[Opening Supplied material section]
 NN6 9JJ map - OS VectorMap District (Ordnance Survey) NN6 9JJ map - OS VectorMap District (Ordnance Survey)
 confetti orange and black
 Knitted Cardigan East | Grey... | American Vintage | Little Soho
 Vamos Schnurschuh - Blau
[Closing Supplied material section]
[Opening Supplied material section]
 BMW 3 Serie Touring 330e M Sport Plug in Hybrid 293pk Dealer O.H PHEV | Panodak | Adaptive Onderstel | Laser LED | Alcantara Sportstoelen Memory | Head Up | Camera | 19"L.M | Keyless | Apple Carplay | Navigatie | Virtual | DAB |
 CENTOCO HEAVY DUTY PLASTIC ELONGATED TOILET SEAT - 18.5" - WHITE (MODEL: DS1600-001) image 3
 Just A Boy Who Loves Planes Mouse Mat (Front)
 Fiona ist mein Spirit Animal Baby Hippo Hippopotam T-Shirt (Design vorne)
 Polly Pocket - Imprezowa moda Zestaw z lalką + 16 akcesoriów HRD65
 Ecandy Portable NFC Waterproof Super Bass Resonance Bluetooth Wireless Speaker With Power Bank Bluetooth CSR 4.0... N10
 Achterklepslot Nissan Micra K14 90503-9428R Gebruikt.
[Closing Supplied material section]
[Opening Supplied material section]
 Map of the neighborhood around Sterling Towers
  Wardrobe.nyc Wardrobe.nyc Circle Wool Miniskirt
[Closing Supplied material section]
**Exercise description:** Reproduce exactly the stretch of the material above that starts at the line with "NN6 9JJ map - OS VectorMap District (Ordnance Survey) NN6" and ends at the line with "Vamos Schnurschuh - Blau", both included, and nothing else.

**Result for this exercise:**
 NN6 9JJ map - OS VectorMap District (Ordnance Survey) NN6 9JJ map - OS VectorMap District (Ordnance Survey)
 confetti orange and black
 Knitted Cardigan East | Grey... | American Vintage | Little Soho
 Vamos Schnurschuh - Blau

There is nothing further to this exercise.